À Rome, Franco est sur le point de sortir de prison (il a pris neuf ans pour vol à main armée), alors son ex compagne et la mère de ses deux enfants, Licia, fait changer la serrure. Qu'à cela ne tienne : Franco intercepte ses enfants, Luigi et Alessandro, dans la cour où ils sont en train de jouer au ballon avec des camarades, et les emmène au parc d’attractions. Alessandro, adolescent, se souvient très bien des coups qu'il donnait à sa mère ; Luigi, plus jeune, est donc plus attaché à son père. Franco arrive à retourner dans le logis familial et se remet à terroriser Licia. La police intervient, le père est séparé de ses enfants et les deux garçons sont littéralement arrachés aux bras de leur mère pour être envoyés dans un foyer.
Quelques années plus tard, le plus jeune des frères, Luigi, a rejoint un groupe de néofascistes.
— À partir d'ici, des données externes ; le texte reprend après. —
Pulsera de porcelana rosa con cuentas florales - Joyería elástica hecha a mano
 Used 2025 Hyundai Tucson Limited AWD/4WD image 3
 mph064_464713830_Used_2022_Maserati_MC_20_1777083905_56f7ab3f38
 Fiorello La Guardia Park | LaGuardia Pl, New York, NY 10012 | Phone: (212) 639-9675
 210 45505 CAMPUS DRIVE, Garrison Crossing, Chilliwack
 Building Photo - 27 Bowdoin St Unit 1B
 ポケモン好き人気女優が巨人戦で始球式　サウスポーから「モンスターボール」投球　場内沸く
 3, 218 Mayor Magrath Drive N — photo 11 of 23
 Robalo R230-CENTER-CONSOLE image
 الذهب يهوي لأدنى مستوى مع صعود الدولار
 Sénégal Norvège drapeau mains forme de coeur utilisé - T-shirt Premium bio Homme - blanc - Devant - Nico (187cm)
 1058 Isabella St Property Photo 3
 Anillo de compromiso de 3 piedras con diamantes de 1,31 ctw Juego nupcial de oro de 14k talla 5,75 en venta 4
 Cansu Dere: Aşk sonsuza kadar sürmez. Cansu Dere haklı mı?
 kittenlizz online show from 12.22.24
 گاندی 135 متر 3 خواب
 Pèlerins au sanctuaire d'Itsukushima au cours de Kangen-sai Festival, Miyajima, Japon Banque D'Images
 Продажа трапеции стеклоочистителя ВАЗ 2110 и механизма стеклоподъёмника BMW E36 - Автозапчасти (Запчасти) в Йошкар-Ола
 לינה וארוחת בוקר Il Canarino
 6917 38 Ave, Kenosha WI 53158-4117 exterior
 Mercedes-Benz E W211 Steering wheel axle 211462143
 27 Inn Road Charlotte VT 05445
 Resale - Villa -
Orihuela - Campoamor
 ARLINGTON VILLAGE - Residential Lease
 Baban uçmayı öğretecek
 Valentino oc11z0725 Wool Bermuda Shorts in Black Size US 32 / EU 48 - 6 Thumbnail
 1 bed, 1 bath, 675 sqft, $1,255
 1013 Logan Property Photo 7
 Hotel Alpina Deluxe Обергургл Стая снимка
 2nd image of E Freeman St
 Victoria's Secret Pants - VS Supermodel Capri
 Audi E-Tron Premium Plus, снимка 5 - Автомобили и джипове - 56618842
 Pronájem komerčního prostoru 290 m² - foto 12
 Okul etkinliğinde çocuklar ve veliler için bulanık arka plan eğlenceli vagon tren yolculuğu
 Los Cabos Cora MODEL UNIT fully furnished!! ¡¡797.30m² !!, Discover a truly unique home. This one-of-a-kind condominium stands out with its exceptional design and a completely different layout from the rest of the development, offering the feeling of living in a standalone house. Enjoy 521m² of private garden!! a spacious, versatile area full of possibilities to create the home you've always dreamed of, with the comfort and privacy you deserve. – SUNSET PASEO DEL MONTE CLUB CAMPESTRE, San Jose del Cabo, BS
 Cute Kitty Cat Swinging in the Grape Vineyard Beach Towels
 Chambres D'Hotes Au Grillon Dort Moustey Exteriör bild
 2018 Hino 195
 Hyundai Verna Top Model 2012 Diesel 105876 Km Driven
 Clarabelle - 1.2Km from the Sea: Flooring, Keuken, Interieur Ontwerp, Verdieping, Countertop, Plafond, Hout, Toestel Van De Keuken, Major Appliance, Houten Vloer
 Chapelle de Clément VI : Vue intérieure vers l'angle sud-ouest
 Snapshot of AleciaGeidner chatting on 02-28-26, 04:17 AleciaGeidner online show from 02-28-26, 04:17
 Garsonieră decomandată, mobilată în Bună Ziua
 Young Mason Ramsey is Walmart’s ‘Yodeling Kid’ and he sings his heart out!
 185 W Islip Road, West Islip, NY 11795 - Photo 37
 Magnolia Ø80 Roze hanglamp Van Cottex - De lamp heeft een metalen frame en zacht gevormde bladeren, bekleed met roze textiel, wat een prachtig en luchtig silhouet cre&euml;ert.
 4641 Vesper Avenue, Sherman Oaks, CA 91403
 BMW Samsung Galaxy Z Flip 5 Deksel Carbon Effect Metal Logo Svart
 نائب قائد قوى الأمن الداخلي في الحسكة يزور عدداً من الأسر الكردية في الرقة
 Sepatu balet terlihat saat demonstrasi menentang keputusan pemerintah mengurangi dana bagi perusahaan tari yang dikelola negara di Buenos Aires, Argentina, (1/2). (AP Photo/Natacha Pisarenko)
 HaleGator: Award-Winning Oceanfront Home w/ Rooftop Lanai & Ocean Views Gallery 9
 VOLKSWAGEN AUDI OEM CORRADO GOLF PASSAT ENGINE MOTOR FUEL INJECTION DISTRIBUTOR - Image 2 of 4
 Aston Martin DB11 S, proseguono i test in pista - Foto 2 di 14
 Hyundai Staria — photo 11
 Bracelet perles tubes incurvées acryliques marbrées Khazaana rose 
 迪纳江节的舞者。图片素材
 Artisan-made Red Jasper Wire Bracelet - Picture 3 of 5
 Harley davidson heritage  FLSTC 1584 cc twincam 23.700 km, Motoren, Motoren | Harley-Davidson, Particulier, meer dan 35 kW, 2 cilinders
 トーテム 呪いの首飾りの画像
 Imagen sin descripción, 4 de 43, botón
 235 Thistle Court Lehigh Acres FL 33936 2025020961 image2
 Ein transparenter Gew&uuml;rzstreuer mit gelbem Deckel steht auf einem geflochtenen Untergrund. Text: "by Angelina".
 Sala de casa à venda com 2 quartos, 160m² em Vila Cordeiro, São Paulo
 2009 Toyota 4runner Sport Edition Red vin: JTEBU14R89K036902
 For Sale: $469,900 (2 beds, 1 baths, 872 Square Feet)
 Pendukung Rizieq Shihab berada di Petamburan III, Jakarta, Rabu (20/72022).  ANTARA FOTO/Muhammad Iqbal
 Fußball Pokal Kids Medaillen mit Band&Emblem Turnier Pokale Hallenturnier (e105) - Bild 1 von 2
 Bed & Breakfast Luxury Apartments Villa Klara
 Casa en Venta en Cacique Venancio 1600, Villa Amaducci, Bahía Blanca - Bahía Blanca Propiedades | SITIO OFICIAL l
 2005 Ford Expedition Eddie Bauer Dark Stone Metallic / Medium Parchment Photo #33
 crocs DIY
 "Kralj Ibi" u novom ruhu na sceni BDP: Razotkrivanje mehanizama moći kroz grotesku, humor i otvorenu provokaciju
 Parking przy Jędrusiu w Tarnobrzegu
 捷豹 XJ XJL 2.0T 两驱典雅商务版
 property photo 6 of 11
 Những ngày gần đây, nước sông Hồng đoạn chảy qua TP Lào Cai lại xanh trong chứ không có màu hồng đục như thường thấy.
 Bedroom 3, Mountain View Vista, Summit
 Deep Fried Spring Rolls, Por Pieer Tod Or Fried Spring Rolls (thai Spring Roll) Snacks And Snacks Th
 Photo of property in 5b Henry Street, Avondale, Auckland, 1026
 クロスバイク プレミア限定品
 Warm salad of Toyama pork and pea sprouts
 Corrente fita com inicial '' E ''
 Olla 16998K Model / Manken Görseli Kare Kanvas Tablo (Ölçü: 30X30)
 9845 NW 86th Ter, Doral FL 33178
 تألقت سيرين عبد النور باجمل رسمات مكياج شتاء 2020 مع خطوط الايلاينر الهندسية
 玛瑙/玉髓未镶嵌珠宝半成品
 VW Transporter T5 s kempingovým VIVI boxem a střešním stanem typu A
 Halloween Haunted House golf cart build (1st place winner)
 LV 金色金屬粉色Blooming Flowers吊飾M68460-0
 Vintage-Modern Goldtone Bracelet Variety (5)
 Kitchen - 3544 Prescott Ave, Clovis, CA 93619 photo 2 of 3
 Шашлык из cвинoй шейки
Lors d'une rixe contre les jeunes d'un centre social, Luigi plante un garçon de son âge dans le ventre. Il est arrêté et condamné. Quand il sort de prison, il est contacté par son père, qui dit vouloir recommencer une nouvelle vie avec son frère et lui. Alessandro est quant à lui perplexe. Cette opportunité de former de nouveau une famille tourne encore une fois au cauchemar. Après une confrontation finale entre Luigi et son père, l'épilogue est forcément tragique : la violence appelle la violence.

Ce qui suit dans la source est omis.